*Assignment*:
From the listing that follows, output everything exactly except the pictures.

*Input data*:
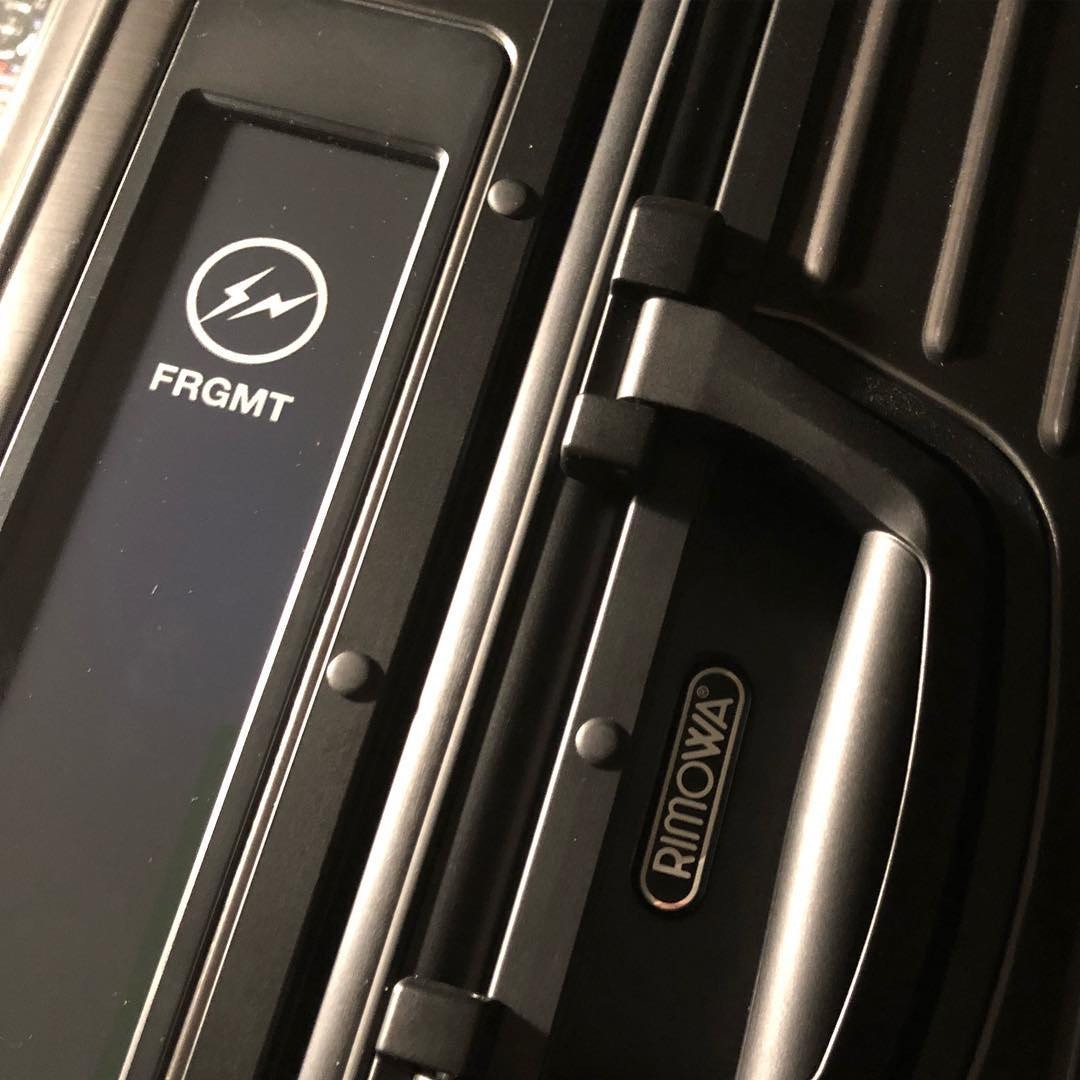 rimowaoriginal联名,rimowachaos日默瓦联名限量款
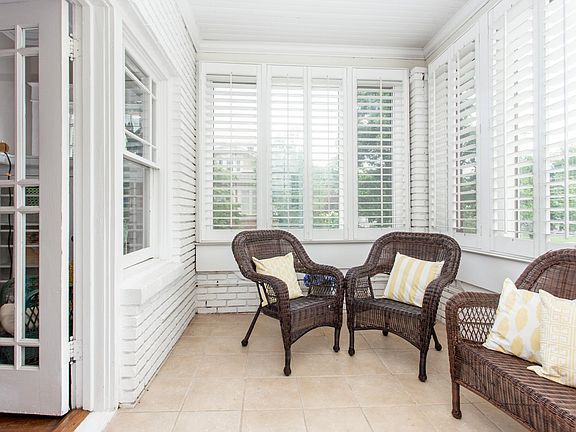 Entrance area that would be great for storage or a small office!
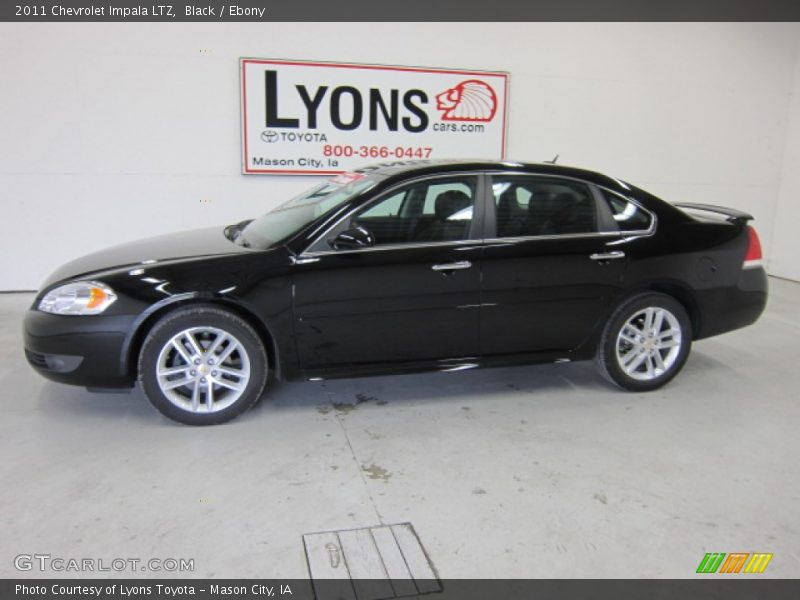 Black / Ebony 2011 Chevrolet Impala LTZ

*Response to this task*:
 rimowaoriginal联名,rimowachaos日默瓦联名限量款
 Entrance area that would be great for storage or a small office!
 Black / Ebony 2011 Chevrolet Impala LTZ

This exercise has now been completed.